START Data shown

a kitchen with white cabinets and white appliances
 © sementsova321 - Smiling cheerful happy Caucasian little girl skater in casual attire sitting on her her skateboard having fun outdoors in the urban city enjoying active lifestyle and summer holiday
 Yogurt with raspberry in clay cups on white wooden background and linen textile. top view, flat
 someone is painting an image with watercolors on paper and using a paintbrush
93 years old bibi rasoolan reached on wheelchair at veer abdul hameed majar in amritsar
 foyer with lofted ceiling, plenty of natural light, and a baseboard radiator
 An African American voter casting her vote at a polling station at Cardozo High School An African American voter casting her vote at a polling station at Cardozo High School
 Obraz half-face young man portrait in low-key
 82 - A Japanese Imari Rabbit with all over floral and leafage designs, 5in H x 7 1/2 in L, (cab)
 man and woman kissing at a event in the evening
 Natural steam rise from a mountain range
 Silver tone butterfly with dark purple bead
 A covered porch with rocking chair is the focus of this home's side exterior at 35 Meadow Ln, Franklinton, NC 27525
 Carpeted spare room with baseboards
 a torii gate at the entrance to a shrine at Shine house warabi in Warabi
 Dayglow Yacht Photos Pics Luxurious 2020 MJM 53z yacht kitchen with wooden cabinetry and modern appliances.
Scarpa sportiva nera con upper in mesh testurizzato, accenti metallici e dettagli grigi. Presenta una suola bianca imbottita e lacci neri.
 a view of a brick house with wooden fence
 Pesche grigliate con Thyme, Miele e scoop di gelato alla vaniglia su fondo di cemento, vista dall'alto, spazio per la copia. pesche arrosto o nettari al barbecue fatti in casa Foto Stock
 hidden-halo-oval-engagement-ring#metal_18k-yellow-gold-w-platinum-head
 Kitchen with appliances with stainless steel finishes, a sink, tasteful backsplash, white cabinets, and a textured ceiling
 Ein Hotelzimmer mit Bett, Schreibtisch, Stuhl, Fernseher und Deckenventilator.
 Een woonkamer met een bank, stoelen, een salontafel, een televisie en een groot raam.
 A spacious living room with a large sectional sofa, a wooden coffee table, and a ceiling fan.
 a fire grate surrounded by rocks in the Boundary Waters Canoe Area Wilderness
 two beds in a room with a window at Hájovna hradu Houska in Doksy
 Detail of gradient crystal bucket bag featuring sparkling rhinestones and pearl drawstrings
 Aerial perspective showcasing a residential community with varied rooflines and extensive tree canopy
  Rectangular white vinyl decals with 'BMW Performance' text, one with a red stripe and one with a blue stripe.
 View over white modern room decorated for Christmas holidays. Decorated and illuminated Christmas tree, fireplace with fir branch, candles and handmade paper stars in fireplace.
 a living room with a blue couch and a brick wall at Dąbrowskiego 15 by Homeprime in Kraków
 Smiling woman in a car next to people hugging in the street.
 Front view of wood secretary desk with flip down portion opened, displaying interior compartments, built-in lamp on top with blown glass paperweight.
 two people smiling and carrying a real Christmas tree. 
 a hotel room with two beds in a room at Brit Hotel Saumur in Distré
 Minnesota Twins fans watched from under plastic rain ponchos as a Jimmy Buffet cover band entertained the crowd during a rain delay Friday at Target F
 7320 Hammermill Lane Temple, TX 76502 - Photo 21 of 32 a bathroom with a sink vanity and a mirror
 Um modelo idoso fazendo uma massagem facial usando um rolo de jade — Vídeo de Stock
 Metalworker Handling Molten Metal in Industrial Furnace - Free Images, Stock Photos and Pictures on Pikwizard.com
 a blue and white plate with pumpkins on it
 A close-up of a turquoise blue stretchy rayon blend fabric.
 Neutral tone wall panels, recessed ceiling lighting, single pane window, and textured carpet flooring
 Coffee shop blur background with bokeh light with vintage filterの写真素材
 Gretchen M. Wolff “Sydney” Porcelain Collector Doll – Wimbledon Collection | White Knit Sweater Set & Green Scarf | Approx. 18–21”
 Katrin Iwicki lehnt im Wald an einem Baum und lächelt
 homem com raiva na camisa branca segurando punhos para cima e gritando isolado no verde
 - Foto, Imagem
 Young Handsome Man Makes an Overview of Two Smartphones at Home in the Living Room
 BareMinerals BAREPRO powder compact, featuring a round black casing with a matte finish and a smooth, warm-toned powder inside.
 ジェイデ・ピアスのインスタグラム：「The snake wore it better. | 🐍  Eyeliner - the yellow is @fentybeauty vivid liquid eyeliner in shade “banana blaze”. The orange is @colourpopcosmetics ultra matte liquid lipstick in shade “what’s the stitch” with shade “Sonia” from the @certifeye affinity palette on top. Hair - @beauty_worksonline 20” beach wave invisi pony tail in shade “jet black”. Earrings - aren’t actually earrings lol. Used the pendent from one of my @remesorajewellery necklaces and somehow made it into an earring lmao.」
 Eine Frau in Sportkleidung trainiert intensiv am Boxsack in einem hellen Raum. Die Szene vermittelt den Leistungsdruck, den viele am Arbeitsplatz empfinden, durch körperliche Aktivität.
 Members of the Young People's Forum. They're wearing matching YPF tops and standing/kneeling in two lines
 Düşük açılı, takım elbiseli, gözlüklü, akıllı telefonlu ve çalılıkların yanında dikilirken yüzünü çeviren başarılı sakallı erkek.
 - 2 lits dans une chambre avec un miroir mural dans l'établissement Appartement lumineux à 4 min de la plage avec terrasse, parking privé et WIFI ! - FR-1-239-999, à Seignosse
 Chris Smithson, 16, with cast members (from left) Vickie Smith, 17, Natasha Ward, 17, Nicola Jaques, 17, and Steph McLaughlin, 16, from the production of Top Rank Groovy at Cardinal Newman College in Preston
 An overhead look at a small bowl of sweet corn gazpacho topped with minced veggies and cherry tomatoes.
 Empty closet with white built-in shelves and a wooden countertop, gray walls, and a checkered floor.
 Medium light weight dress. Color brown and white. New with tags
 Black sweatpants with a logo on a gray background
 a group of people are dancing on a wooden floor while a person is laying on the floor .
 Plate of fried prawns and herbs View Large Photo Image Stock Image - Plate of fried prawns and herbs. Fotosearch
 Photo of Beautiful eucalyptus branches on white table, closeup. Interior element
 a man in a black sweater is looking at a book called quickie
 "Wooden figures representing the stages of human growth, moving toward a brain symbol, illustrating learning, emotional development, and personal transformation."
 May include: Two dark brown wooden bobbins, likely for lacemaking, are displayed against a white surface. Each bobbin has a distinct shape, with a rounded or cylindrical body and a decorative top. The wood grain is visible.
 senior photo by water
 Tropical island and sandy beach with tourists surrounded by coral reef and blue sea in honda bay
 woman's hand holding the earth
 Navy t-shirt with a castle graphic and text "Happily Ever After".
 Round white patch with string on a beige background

END Data shown

Look through the entries and copy every line in which the string "background" appears.

- _Result_
 Yogurt with raspberry in clay cups on white wooden background and linen textile. top view, flat
 Coffee shop blur background with bokeh light with vintage filterの写真素材
 Black sweatpants with a logo on a gray background
 Round white patch with string on a beige background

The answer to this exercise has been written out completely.